Texte extrait du bulletin de G. Fargette, « Le Crépuscule du XXième siècle » n° 18-19-20, mai 2008, pp. 13 - 15

L’histoire du groupe « Socialisme ou Barbarie » est assez connue : né en 1949 d’une scission du principal groupe trotskiste français de l’époque, sa trajectoire s’étend sur une vingtaine d’années, jusqu’à sa dissolution finale vers 1967. Ses thématiques s’enracinent dans les interminables et proliférantes discussions nées de la question russe, ou plutôt soviétique, en 1917. SouB prend sa source dans un rapport de questionnement vital avec la grande affaire de ce XXème siècle que la première guerre mondiale avait mis sur les rails.

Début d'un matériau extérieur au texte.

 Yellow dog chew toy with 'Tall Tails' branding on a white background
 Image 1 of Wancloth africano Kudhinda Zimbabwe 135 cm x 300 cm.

Ce groupe a apporté à cette réflexion un éclairage tout à fait exceptionnel. Il a tout d’abord nommé la nature du problème, à savoir le surgissement d’une classe sociale dominante pratiquement ex nihilo, à partir de ce qui paraissait une révolution ouvrière.
Cette nouvelle classe exploiteuse présentait des caractéristiques tout à fait incompréhensibles dans le cadre des théories de la critique sociale issues du XIXème siècle. Et tous ceux (les marxistes mais aussi les anarchistes) qui se sont cramponnés à leur cadre de représentation du monde n’ont fait que rendre évident pour les autres les présupposés métaphysiques, para-religieux, de leur position. En un mot : pour les anarchistes, il faudrait faire venir au jour le « bon sauvage » censé gésir au sein de chaque individu, et pour les marxistes il n’y aurait qu’une seule source de mal, les échanges marchands, qui se seraient développés en un système autonome recouvrant toutes les dimensions des relations sociales.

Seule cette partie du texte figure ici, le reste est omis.